Oleuropein Supplementation Increases Resting Skeletal Muscle Fractional Pyruvate Dehydrogenase Activity but Does Not Influence Whole-Body Metabolism: A Randomized, Double-Blind, and Placebo-Controlled Trial in Healthy, Older Males.

Abstract

Background: The polyphenol oleuropein activates mitochondrial calcium import, which increases pyruvate dehydrogenase (PDH) activity. Preclinically, this increase in PDH activity following oleuropein supplementation resulted in improved mitochondrial bioenergetics and fatigue resistance.

Objectives: This study aimed to examine the effects of acute and chronic oleuropein supplementation on muscle energy metabolism, whole-body substrate metabolism, strength, and fatigue resistance in older males.

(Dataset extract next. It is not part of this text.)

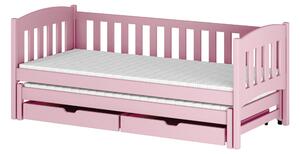 AMELKA 80x160 różowe łóżko piętrowe Lano Meble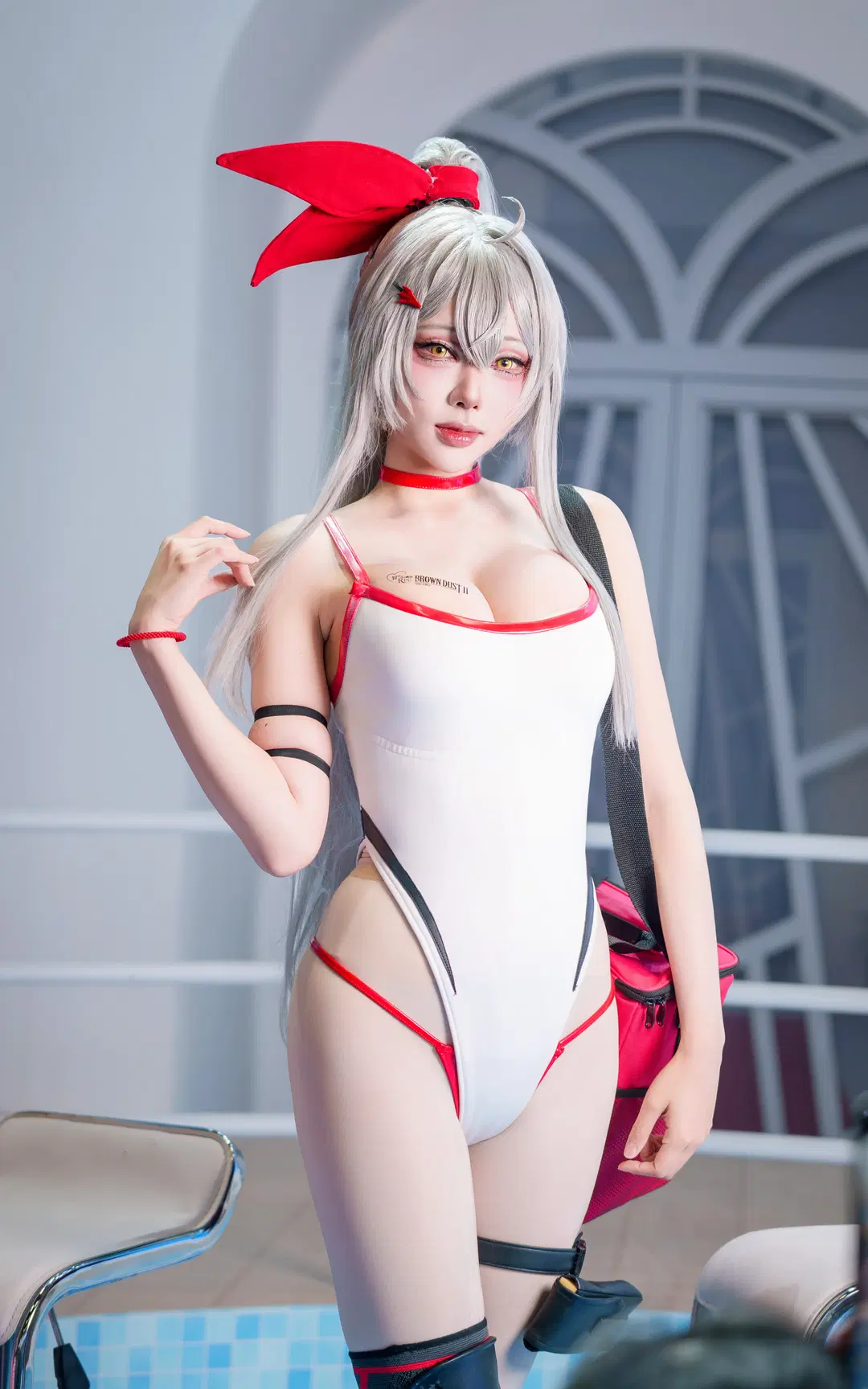 二次元cosplay, 银发造型, BW2026, 战术风穿搭, 棕色尘埃2cos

Methods: In a randomized, double-blind, placebo-controlled trial, 40 healthy older males (60 ± 5y) received either placebo (PLA) or 100 mg oleuropein from 250 mg olive leaf extract (OLE) supplementation daily for 36 d. On day 1 and day 36, muscle and blood samples were collected, and indirect calorimetry was performed before and ≤120 min following supplement intake. Leg strength and fatigue were measured before and after 29 d of supplementation. Results were analyzed using analysis of covariance or robust analysis of covariance.

Results: OLE ingestion on day 1 and day 36 increased plasma oleuropein metabolites (P < 0.001). On day 1, no differences were observed in muscle PDH activity, mitochondrial respiration, or whole-body substrate metabolism 120 min after acute OLE ingestion. Ribonucleic acid sequencing revealed upregulation of oxidative phosphorylation gene pathways (false discovery rate < 0.05), whereas PDH-Serine²⁹³-phosphorylation was higher after acute OLE compared with PLA ingestion (P = 0.015). Following chronic supplementation, fractional PDH activity was ∼25% greater in OLE compared with PLA (49 ± 14 compared with 38 ± 10%; P = 0.016) with no differences in absolute PDH activity and PDH-Serine²⁹³-phosphorylation between groups. Mitochondrial respiration and protein content, whole-body substrate metabolism, leg strength, and fatigue resistance were not different between OLE and PLA. Plasma low-density lipoprotein cholesterol was lower after chronic OLE compared with PLA (P = 0.043), with no differences in other blood metabolic markers.

Conclusions: Chronic OLE supplementation resulted in higher skeletal muscle fractional PDH activity in healthy, older males, which may impact resting energy metabolism. Acute or chronic oleuropein supplementation does not modulate skeletal muscle mitochondrial respiration, muscle strength, muscle fatigue, or whole-body substrate metabolism. This trial was registered at clinicaltrials.gov as NCT05217433.